### TRY IT
The answer is to be the lines below that lie between the line holding "Hamburg: Sin &" and the line holding "Opel Insignia 2.0 CDTI Cosmo 4x4 S&S - 11", inclusive, transcribed exactly and free of pictures.

### LISTED RECORDS
####################

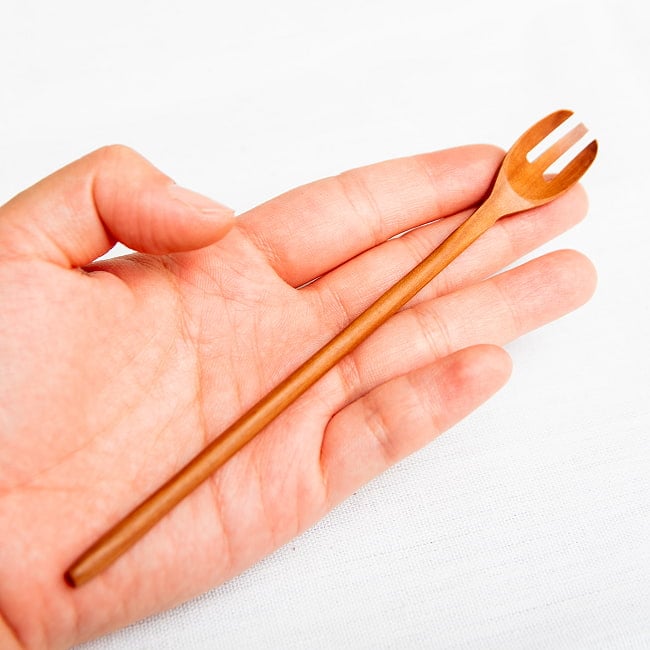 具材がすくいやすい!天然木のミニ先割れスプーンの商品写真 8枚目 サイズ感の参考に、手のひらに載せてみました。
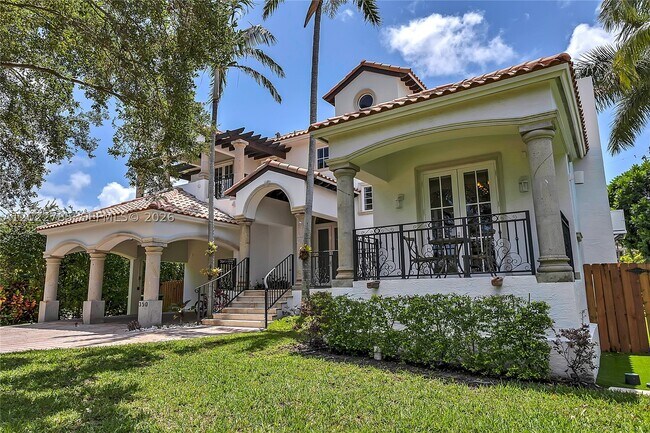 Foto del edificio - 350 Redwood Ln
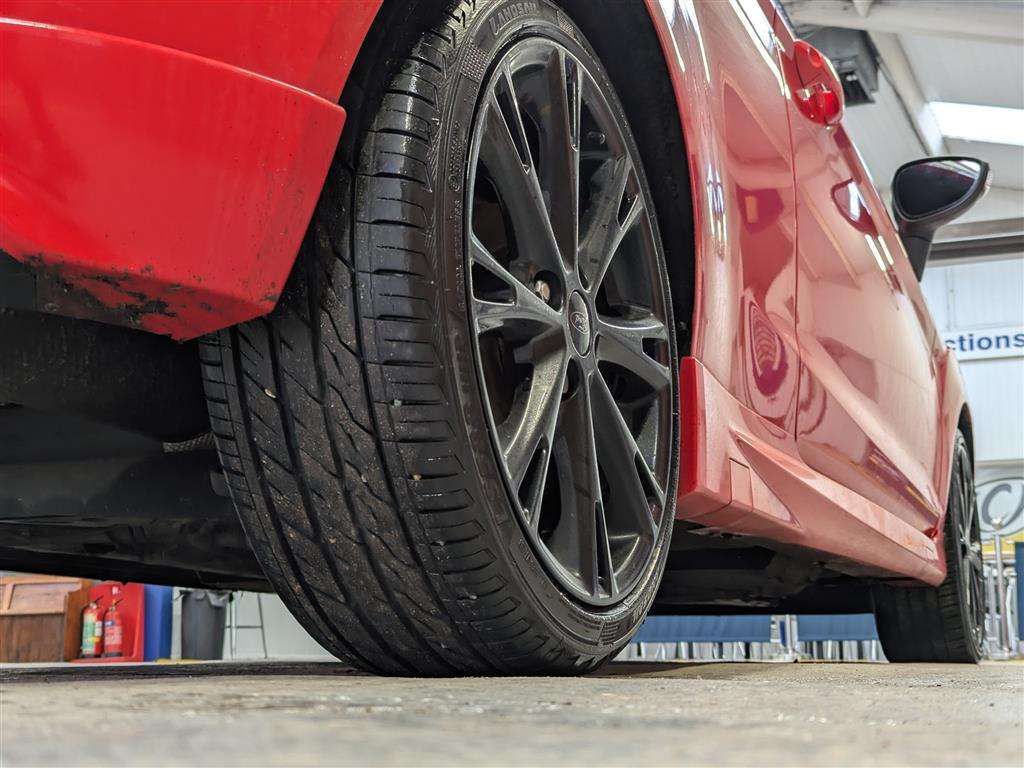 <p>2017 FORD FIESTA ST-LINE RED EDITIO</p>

####################

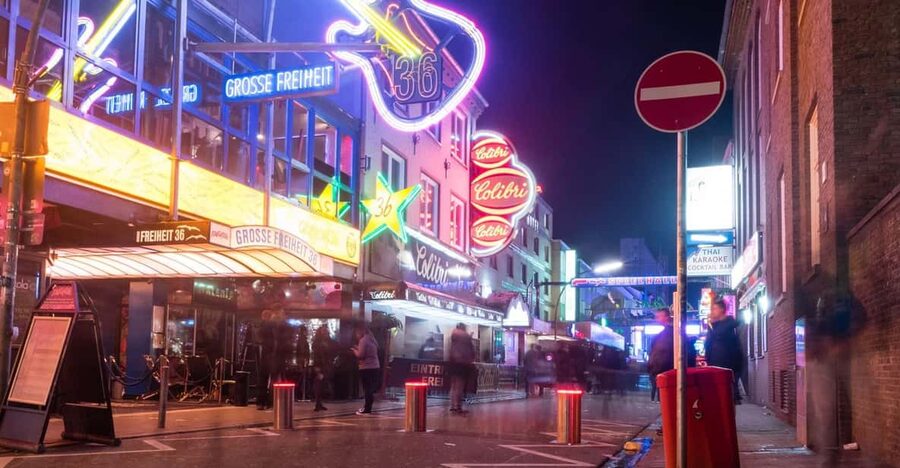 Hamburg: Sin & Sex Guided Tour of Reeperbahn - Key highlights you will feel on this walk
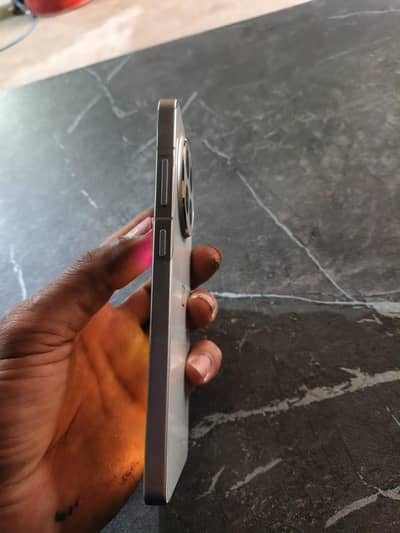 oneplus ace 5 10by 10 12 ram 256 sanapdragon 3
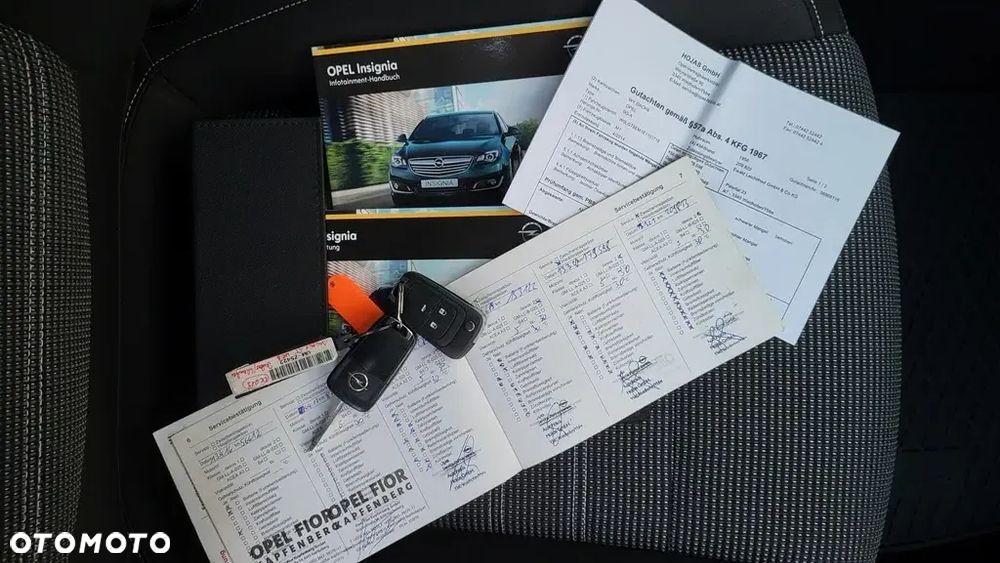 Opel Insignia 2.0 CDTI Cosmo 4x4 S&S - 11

####################

### RESULT OF THE TASK
 Hamburg: Sin & Sex Guided Tour of Reeperbahn - Key highlights you will feel on this walk
 oneplus ace 5 10by 10 12 ram 256 sanapdragon 3
 Opel Insignia 2.0 CDTI Cosmo 4x4 S&S - 11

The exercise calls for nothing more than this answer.